### SUPPLIED DATA:
^^^^^^^^

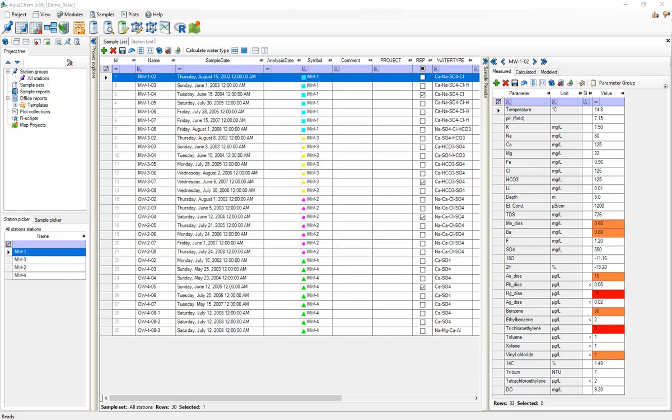Now that we've pointed AquaChem to the location of PHREEQC.exe, the next step to setting up PHREEQC for this project is to select at least one thermodynamic database. As I said this is supposed to be a short quick start guide. I don't really have the time to get into the nuances of what these thermodynamic databases are.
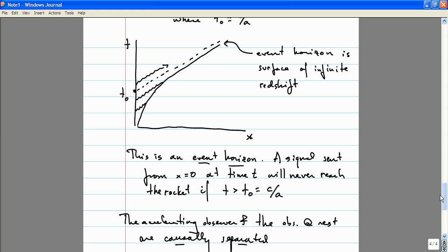In fact, this event horizon has all of the same features that a black hole event horizon has, so this is a great example to think about if you want to try and understand black holes.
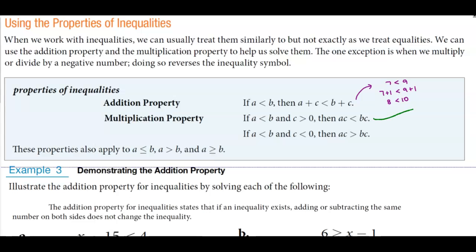Now let's take a look at the multiplication scenario. If we have 3, which is less than 5, and C is greater than 0 — let's say C equals 2 — then we multiply both sides by 2: 3 times 2 gives us 6, and 5 times 2 gives us 10. So 6 is less than 10. It works here.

^^^^^^^^

### EXERCISE BRIEF:
To answer, repeat exactly the lines from the line containing "In fact, this" through the last line of the data above, leaving out all pictures.

### EXERCISE OUTPUT:
In fact, this event horizon has all of the same features that a black hole event horizon has, so this is a great example to think about if you want to try and understand black holes.
Now let's take a look at the multiplication scenario. If we have 3, which is less than 5, and C is greater than 0 — let's say C equals 2 — then we multiply both sides by 2: 3 times 2 gives us 6, and 5 times 2 gives us 10. So 6 is less than 10. It works here.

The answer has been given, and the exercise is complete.